Kent Yalowitz began his opening statement by describing a cold, rainy day in Jerusalem in March 2002 when Alan and Yonni Bauer were struck by shrapnel sent flying by a suicide bomber. "The scene was chaotic," Yalowitz said, "filled with smoke and fog."
The bomber was a former Palestinian police officer who was helped by other Palestinian Authority officials in plotting the attack, Yalowitz said. The PA continues to pay his family for his martyrdom. Those convicted of helping plot the attack also stayed on the government payroll.

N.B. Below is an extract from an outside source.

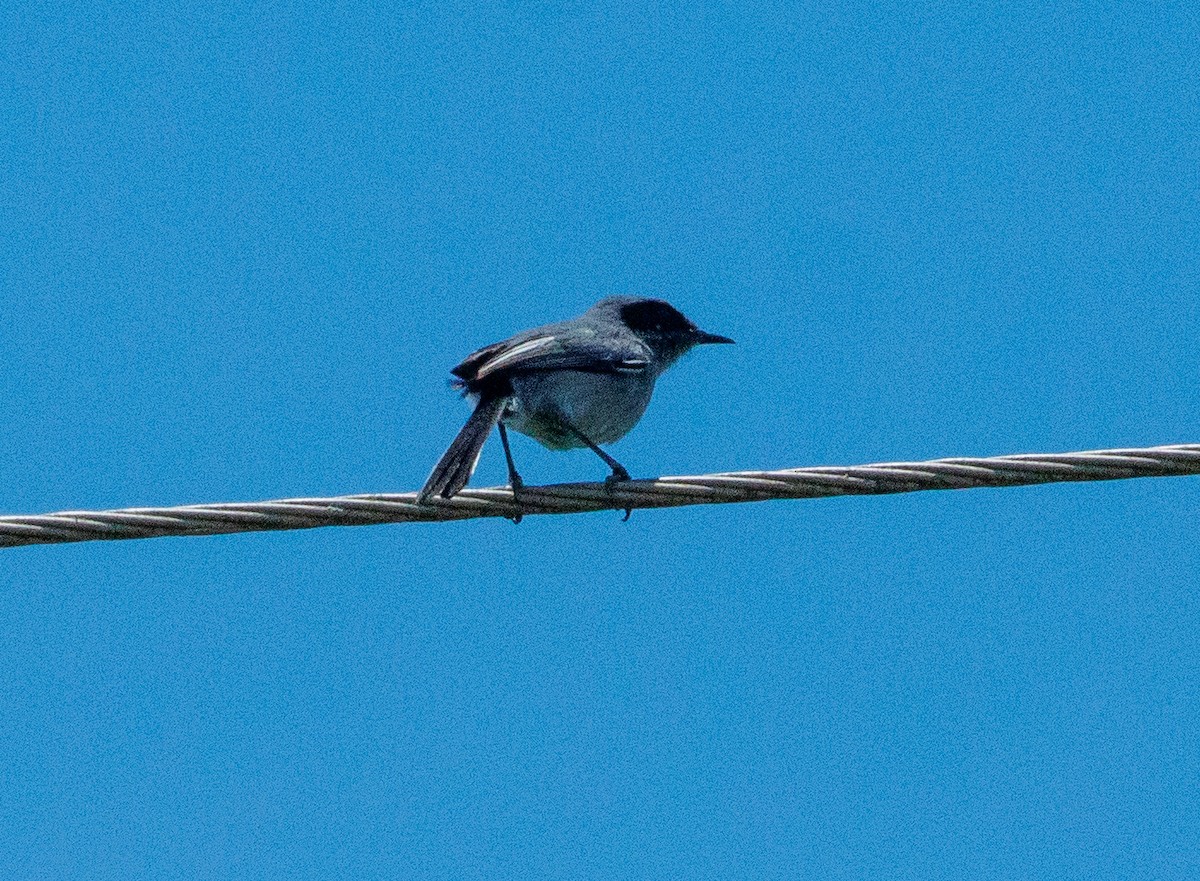 Masked Gnatcatcher - ML647320823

"These were not rogue employees," Yalowitz said. The evidence will show that the PA facilitated the attacks through its own policies and practices, by providing material support to the terrorist plotters and by its own words glorifying the attacks and those responsible.
The payments to the terrorists' families and to PA officials convicted in Israeli court for related crimes are described as "for those struggling against the occupation." Another recipient, Abdullah Barghouti, was arrested by Palestinian police in 2002 for plotting a suicide bombing.
Yalowitz showed jurors an exhibit, an internal PA document, in which Yasser Arafat, the longtime leader of the PLO and the PA, is notified about Barghouti's arrest before the attack. Barghouti's freedom, it says, is "at your Excellency's discretion."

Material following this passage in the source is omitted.